Your task: In the entries below, which lines run from the one containing "Detail image of" to the one containing "روستای کجینوییه بر روی نقشه"? Copy exactly those lines, ends included, and no others.

Material shown:
= Beginning of Section =

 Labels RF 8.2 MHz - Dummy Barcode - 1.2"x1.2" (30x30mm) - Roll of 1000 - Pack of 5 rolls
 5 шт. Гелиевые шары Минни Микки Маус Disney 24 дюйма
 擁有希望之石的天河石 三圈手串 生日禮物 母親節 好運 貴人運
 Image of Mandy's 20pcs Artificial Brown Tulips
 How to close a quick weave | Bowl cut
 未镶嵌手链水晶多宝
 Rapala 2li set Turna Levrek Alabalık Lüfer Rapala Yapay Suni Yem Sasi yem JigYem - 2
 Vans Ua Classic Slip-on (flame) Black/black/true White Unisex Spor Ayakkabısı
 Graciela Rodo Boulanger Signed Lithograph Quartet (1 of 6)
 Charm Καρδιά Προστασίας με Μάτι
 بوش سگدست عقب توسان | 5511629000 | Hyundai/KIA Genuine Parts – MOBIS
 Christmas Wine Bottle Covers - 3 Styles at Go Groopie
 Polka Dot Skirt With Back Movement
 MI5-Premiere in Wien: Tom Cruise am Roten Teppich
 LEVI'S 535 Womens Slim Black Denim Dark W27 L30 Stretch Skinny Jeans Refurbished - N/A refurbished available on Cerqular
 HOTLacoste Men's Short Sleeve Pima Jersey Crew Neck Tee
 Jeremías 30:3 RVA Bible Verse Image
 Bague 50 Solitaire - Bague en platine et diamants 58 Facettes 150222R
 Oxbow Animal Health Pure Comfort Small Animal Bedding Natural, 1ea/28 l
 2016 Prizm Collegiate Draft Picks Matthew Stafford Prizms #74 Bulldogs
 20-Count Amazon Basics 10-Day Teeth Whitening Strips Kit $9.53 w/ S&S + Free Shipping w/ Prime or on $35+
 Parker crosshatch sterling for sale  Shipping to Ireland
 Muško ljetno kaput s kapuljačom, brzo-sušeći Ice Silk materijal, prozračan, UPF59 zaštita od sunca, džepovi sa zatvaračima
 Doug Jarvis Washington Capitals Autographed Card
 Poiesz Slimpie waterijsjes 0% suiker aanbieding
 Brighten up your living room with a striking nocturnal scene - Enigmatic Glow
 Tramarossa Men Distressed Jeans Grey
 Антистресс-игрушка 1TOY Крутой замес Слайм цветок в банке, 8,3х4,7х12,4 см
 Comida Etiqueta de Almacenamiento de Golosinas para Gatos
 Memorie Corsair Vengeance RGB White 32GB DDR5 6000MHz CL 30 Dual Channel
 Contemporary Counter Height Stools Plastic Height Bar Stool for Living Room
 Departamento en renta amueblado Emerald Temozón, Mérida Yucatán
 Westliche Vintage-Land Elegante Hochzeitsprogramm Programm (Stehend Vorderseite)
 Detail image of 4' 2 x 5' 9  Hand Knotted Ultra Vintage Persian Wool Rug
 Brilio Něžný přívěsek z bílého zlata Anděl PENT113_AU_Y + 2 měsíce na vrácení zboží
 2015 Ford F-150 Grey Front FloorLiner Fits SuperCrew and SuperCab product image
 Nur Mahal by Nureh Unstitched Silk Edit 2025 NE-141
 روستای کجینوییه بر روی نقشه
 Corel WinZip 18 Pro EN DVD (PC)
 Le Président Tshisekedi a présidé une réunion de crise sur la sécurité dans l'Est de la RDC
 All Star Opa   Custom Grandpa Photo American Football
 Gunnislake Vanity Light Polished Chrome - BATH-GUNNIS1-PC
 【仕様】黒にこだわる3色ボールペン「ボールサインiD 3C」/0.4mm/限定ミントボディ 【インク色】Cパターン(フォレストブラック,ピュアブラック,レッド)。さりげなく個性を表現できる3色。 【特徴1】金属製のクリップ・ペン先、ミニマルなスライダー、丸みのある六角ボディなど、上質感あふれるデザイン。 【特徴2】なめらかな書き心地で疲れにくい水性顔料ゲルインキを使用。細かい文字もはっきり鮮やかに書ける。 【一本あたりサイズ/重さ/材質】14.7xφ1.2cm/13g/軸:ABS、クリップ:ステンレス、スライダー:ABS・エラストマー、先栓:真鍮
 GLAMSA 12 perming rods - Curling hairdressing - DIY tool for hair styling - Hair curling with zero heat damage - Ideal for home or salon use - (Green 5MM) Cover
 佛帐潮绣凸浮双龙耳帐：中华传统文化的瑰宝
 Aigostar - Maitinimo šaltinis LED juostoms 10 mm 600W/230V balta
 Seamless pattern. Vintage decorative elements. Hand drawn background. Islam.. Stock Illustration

= End of Section =

Response area:
 Detail image of 4' 2 x 5' 9  Hand Knotted Ultra Vintage Persian Wool Rug
 Brilio Něžný přívěsek z bílého zlata Anděl PENT113_AU_Y + 2 měsíce na vrácení zboží
 2015 Ford F-150 Grey Front FloorLiner Fits SuperCrew and SuperCab product image
 Nur Mahal by Nureh Unstitched Silk Edit 2025 NE-141
 روستای کجینوییه بر روی نقشه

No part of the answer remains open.